Just a note that while the EOS utility is updated for the new 5D cameras, it is not updated for the 70D (for example). 
However, today (USA) there are updates for other models of:
Digital Photo Professional 4.2.31 
Picture Style Editor 1.15.20 Updater 

And on 4/30/15 there was an update of 
EOS MOVIE Utility 1.3 (I wonder what was updated there...)


----------



## Nitroman (May 13, 2015)

I wonder whether it's still possible to downgrade Canon 5D3 firmware to v 1.2.3 for Magic Lantern using the latest Eos Utility ? I saw that Canon won't allow you to downgrade via memory card with the latest firmware 1.3.3 and this version isn't supported by ML yet. 

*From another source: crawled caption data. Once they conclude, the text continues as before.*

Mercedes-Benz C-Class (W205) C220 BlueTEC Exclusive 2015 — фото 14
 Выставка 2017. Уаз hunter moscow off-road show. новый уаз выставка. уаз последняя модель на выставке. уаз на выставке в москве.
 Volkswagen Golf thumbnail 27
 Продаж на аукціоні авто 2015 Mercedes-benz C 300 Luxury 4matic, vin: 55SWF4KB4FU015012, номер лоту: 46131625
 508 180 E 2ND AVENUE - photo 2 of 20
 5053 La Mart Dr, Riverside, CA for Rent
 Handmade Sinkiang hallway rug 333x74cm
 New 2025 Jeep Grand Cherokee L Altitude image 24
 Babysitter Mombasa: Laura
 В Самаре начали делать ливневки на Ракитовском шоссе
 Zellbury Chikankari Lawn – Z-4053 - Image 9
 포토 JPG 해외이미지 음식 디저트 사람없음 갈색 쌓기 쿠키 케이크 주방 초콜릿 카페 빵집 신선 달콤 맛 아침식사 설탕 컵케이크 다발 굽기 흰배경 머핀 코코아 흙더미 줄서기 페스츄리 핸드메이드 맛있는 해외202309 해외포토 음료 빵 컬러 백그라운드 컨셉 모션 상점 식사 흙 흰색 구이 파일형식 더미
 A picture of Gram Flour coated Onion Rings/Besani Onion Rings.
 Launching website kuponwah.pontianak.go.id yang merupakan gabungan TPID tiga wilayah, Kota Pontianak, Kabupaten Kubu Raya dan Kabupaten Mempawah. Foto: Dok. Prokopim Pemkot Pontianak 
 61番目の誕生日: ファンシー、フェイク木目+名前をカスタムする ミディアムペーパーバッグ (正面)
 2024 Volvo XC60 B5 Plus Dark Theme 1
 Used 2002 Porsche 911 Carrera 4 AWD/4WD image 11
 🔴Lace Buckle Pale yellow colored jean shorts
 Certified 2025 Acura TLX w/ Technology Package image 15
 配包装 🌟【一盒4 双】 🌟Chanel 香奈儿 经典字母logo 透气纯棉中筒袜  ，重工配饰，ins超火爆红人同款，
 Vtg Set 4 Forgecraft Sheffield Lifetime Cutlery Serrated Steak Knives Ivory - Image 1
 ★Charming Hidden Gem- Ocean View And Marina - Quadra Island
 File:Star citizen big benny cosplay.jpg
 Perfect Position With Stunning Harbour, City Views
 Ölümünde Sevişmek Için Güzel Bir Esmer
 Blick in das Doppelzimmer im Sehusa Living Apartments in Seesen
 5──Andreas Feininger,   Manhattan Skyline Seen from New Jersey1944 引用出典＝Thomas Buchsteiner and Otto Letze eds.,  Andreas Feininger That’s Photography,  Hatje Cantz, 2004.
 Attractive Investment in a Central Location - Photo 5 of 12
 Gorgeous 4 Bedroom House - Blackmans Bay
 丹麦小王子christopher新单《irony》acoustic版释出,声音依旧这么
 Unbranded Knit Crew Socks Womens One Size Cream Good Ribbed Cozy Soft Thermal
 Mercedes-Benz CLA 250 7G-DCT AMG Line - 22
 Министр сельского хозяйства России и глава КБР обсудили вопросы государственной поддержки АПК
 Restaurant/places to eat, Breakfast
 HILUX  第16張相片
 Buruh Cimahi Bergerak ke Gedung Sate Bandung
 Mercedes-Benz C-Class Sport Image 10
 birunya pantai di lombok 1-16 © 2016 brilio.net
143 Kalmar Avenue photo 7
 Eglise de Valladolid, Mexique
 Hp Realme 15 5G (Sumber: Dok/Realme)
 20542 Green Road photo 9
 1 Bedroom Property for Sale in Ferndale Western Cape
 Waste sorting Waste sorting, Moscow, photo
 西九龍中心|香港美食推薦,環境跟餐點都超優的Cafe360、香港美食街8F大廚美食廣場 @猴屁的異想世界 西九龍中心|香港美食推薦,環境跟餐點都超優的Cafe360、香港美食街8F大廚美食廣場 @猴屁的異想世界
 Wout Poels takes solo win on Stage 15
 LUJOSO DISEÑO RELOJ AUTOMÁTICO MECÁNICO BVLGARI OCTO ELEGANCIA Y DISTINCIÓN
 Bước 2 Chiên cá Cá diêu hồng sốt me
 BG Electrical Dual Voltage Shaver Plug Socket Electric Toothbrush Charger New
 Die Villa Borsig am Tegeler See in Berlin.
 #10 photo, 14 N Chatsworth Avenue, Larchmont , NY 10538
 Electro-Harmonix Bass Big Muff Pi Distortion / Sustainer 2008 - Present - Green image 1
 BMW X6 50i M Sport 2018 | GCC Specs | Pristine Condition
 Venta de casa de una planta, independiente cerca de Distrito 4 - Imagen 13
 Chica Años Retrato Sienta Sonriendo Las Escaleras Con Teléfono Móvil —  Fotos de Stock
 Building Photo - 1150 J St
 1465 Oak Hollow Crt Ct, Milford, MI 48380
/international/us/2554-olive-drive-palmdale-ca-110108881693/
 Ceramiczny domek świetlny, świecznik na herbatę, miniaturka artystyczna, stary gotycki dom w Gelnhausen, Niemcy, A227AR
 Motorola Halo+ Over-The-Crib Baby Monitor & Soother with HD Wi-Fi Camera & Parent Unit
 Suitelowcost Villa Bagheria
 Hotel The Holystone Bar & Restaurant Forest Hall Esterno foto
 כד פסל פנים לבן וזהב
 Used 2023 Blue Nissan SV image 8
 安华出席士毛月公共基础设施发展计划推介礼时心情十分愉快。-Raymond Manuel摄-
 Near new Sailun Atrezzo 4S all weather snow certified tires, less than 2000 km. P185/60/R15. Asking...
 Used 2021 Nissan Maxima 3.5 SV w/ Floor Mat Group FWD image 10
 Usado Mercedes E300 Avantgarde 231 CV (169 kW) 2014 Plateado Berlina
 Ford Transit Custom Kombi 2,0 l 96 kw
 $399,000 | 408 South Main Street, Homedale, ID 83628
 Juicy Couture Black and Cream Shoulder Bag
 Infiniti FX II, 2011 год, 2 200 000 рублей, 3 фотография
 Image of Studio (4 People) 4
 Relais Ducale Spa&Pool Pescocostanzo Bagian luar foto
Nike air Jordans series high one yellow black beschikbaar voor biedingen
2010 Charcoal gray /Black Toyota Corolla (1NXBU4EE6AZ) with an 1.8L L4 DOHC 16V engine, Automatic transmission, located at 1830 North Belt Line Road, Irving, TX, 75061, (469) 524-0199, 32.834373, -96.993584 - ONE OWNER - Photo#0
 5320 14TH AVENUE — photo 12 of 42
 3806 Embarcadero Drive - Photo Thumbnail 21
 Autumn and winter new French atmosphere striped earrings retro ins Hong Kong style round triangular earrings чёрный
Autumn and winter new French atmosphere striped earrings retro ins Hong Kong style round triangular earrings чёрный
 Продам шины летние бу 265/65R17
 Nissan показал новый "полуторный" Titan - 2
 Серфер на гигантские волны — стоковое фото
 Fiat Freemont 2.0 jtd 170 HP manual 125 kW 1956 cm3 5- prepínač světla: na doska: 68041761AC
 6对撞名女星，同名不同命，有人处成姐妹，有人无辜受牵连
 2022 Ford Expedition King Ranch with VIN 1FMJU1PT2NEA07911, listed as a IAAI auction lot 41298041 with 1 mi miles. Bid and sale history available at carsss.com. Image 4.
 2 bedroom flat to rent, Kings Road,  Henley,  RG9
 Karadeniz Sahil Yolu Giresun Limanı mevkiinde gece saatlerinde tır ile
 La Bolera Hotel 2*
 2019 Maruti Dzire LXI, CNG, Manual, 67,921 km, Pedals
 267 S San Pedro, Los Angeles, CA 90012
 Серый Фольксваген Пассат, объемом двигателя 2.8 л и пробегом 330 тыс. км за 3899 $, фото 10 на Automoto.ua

My guess is it won't be long before Canon stop ML as i think they see it encroaching on their video C line sales.

Lets hope i'm wrong, as ML makes me want to stay with Canon and keep buying their cameras so i can pimp 'em up !


----------



## Fatalv (May 13, 2015)

Is the download link broken for DPP for anyone else? I get a broken link error after entering my serial number :-\


----------



## rs (May 13, 2015)

Fatalv said:


> Is the download link broken for DPP for anyone else? I get a broken link error after entering my serial number :-\


It works good for me.


----------



## Click (May 13, 2015)

rs said:


> Fatalv said:
> 
> 
> > Is the download link broken for DPP for anyone else? I get a broken link error after entering my serial number :-\
> ...



+1 

(With Google Chrome)


----------



## rs (May 13, 2015)

Click said:


> rs said:
> 
> 
> > Fatalv said:
> ...


Safari here


----------



## Fotofanten (May 13, 2015)

Still no 16-35 f/4L IS in the lens correction database...


----------



## MiamiC70 (May 14, 2015)

I am curious why there are two version of DPP. Why doesn't Canon just add support for all their cameras into DPP 4?


----------



## KBStudio (May 14, 2015)

Nitroman said:


> I wonder whether it's still possible to downgrade Canon 5D3 firmware to v 1.2.3 for Magic Lantern using the latest Eos Utility ? I saw that Canon won't allow you to downgrade via memory card with the latest firmware 1.3.3 and this version isn't supported by ML yet.
> 
> My guess is it won't be long before Canon stop ML as i think they see it encroaching on their video C line sales.
> 
> Lets hope i'm wrong, as ML makes me want to stay with Canon and keep buying their cameras so i can pimp 'em up !



No! Canon does not allow you to use firmware older than that which is currently on your camera.


----------



## mukul (May 15, 2015)

Can any one please enlighten if 600D owners need this update for DPP?

My DPP version 3.14.47


----------